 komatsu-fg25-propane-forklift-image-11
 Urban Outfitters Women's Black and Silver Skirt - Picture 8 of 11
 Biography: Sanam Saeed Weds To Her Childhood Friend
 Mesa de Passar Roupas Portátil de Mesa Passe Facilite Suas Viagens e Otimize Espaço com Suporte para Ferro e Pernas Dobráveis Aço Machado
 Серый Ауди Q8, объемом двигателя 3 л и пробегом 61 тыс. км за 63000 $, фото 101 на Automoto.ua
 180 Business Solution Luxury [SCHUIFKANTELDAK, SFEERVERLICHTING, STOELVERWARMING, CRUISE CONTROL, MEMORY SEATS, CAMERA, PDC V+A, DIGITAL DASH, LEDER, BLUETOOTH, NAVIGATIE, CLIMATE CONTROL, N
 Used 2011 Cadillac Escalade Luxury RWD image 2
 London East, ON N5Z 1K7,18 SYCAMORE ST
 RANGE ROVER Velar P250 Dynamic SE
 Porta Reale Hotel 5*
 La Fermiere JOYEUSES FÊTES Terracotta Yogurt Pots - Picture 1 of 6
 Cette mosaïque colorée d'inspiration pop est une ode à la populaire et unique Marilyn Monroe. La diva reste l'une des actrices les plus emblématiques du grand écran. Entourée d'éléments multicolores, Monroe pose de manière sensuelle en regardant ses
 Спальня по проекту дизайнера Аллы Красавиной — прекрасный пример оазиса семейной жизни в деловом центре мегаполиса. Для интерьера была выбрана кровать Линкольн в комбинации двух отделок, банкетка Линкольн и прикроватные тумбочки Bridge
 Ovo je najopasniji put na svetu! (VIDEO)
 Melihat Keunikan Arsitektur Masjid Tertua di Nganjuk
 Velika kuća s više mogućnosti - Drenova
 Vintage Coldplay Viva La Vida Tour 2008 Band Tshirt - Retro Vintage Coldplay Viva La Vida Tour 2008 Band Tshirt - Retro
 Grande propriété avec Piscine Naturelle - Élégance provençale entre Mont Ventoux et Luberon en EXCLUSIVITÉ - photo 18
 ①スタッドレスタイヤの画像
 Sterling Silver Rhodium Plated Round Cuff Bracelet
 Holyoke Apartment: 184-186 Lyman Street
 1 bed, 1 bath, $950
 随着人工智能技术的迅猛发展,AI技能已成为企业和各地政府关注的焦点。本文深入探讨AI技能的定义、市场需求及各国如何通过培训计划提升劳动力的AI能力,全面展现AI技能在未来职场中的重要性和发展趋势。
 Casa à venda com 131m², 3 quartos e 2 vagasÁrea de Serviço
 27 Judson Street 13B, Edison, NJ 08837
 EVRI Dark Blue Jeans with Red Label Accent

→ Exercise goal: Only the lines from the one containing "随着人工智能技术的迅猛发展,AI技能已成" through the end of the material should be reproduced, exactly, with both ends included.

→ Final answer:
 随着人工智能技术的迅猛发展,AI技能已成为企业和各地政府关注的焦点。本文深入探讨AI技能的定义、市场需求及各国如何通过培训计划提升劳动力的AI能力,全面展现AI技能在未来职场中的重要性和发展趋势。
 Casa à venda com 131m², 3 quartos e 2 vagasÁrea de Serviço
 27 Judson Street 13B, Edison, NJ 08837
 EVRI Dark Blue Jeans with Red Label Accent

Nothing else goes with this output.